I spoke with Chris's wife this afternoon, and she explained why the "One Piece" knifes were going to no longer be made. First, his supplier of the A2 blanks back in South Africa is retiring, and another source is not available. Second, Chris has been making these a LONG time, and he is ready to devote time to other projects.

Third, they are out of Shadow IV's, and expect to be able to make some around October, when the possibly last shipment of A2 blanks will arrive.

Fourth, fortunately OsoGrandeKnives had a Shadow IV in stock, and mine will ship in the morning.
Fifth, OSG has free shipping over $150, so getting the knife from them is actually cheaper than if CR had it in stock.

Paladin


----------



## ErickThakrar (Apr 20, 2009)

Outdoors Fanatic said:


> The ones which didn't fail miserably on Knife Tests.com.

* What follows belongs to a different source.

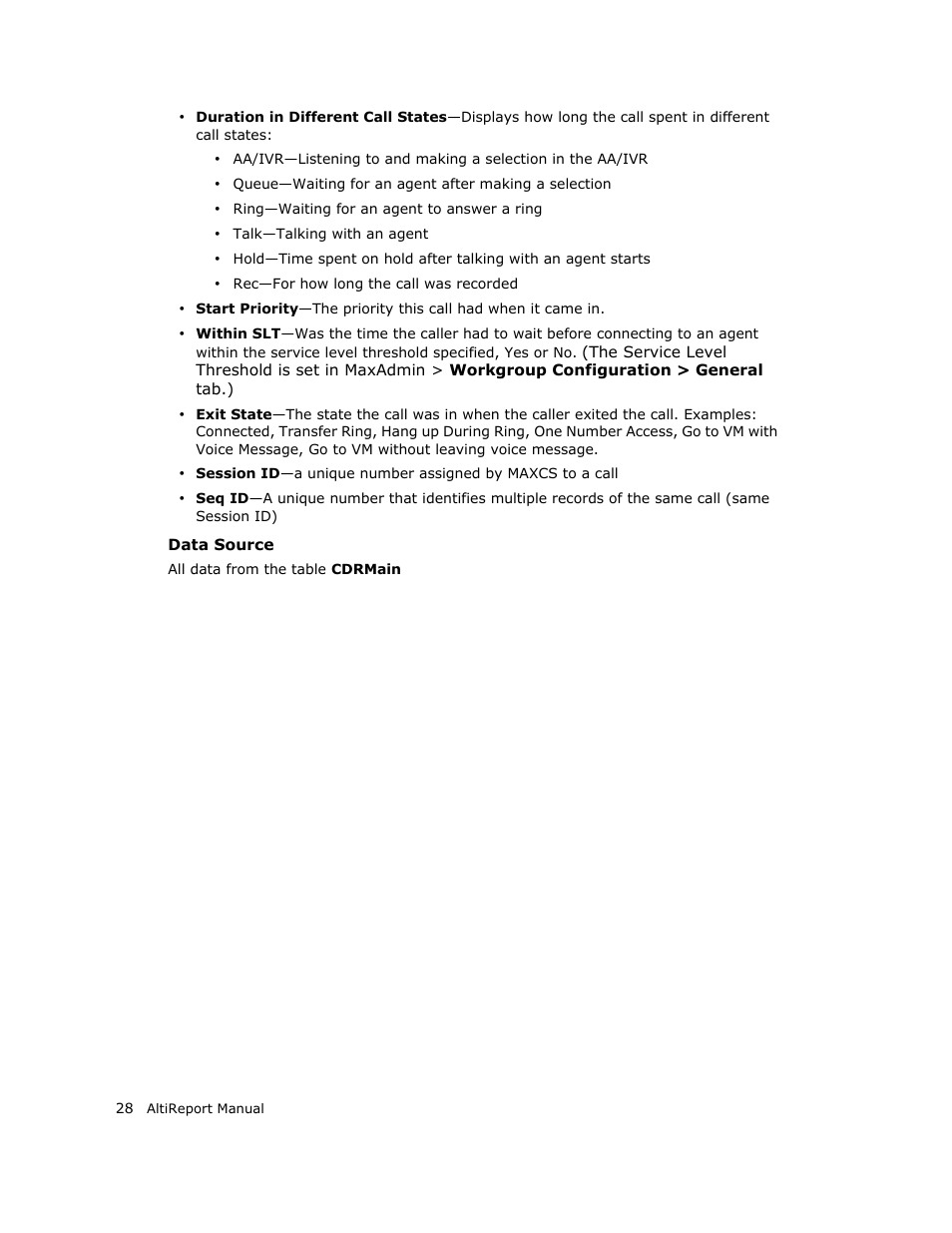 AltiGen MAXCS 7.0 AltiReport User Manual | Page 32 / 110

Oh yeah. That guy. The wanna-be Cliff Stamp and just as pointless as the original that he's emulating.


----------



## mossyoak (Apr 21, 2009)

Outdoors Fanatic said:


> The ones which didn't fail miserably on Knife Tests.com.



you dont know poop about knives do you?


----------



## mossyoak (Apr 21, 2009)

the CR im smitten over is the pacific, im just waiting and waiting and waiting for my d2 rat-3 to get lost so ill order one and have a kydex made for the thing.


----------



## hurricane (Apr 22, 2009)

mossyoak said:


> the CR im smitten over is the pacific, im just waiting and waiting and waiting for my d2 rat-3 to get lost so ill order one and have a kydex made for the thing.



I hear you, I *LOVE* that knife. It's perfect in every way.


----------



## Per Arne (Apr 29, 2009)

I am now a lucky camper with Chris Reeve's model Mountaineer II :twothumbs 

I have started to put some things into the handle while I wait on TAD Gears new Brass Flint Sparker... The SAS compass didn't fit so well in the handle as I'd hoped for, but luckely I had another small compass that would fit. I was also able to squeeze two Spark-Lite tinders in there as well.

PA


----------